This means that we look closely at our actions in the light of the guidelines of non-harming, truthfulness, and generosity, being willing to change what doesn’t ring true to our values (this is the practice of renunciation, or sannyasa – the practice of letting go). AND it means we hold the results of our actions, our actions themselves, and all the inevitable compromises we face as we try to do right, lightly: in the light of wisdom. Not making them more substantial than they are. The Gita doesn’t define yoga as Union, anyway. It says “yoga is skill in actions” and “equanimity is yoga”. What I’m saying! So I happened to help organize a protest this weekend – it felt like the right thing to do, and I hope it leads to better conditions for the workers, for sure – but my primary concern is for the practice that we’re building as yogis, together, in our complicated and messy lives and communities.

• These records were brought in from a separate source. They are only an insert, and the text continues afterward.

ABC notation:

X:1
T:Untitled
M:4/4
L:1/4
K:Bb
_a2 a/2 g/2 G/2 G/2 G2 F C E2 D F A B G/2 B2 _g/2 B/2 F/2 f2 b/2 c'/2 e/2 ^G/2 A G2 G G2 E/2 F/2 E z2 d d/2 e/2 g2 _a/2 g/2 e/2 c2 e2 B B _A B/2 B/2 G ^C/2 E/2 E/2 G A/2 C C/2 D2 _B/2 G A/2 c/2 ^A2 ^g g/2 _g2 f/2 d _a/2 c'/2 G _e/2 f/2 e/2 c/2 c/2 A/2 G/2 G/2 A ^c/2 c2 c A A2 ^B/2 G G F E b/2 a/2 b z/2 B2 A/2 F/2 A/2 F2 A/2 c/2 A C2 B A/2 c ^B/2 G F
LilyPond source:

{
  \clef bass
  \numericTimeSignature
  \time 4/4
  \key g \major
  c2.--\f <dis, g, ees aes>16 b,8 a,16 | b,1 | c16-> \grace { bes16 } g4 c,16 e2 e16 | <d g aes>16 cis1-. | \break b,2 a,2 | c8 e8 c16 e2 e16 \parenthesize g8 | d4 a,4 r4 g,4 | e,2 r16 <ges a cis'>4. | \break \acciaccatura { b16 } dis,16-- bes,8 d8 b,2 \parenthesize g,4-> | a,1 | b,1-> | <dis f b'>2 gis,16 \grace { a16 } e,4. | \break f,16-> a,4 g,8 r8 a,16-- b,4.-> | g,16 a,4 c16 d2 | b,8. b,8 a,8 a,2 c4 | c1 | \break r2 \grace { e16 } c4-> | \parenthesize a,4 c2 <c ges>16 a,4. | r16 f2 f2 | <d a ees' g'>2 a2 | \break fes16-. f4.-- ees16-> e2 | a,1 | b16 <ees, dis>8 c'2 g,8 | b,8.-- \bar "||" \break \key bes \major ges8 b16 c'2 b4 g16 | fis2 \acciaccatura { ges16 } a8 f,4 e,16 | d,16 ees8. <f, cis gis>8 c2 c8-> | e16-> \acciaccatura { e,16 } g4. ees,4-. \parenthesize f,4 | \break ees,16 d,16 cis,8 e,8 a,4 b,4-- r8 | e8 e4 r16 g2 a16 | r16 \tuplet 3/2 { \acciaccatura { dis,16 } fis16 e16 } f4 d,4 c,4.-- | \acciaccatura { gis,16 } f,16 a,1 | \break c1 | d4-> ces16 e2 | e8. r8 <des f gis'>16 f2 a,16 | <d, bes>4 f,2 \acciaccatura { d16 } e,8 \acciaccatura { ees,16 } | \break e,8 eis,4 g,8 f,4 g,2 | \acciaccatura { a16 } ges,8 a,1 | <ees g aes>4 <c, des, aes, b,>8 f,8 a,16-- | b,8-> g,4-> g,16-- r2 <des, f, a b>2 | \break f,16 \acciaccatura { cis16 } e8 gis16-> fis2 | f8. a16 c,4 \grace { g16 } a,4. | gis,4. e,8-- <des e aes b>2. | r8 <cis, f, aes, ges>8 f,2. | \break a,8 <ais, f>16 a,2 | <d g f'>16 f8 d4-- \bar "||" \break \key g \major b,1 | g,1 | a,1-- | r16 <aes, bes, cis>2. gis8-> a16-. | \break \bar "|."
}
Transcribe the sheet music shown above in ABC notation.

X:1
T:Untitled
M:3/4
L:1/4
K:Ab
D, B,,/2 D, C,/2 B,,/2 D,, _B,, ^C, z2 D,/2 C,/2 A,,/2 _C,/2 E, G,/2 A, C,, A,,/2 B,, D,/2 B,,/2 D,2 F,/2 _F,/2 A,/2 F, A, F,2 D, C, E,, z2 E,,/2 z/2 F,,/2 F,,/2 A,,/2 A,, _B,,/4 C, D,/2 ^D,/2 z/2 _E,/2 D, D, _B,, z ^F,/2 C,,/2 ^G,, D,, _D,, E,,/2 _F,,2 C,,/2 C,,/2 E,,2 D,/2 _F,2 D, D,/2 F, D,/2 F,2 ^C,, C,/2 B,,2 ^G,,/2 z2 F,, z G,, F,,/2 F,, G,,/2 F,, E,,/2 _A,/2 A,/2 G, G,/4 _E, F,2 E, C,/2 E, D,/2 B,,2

I really do believe that we as sincere practitioners can find our way, with yoga, meditation, spiritual guidelines, and good teachers, within the full catastrophe of capitalist empire, toward peace of mind and heartfelt compassionate service. It means taking on discomfort and paradox along the way, as we try, each in our own way, to find the Middle Path between indulgence and self-torment (those of you who were at S+S: Buddhist, week 1, remember our discussion). Like any balance pose, it’s never stable, always falling, always in motion. May I always remember that nothing is static, and that this is both what makes change possible, and more than possible, inevitable! And since inevitable, worth not getting too verklempt about. Do your practice, in class or at home, and let your yoga and dharma, as we say at the end of class, be itself a momentum for well-being – for justice – for yourself and others, all beings, everywhere. Flowers in the sky.

2 thoughts on “Words and action at the Yoga Journal Conference”

  1. Wonderful post. I read it thinking how exceptionally smart, insightful, and honest it is, and when I finished I thought, wow, I want to follow whoever wrote this on Twitter, friend them on FB, the usual social media thing! So I checked to see who the author might be and found out that we’ve already connected 🙂 Thanks.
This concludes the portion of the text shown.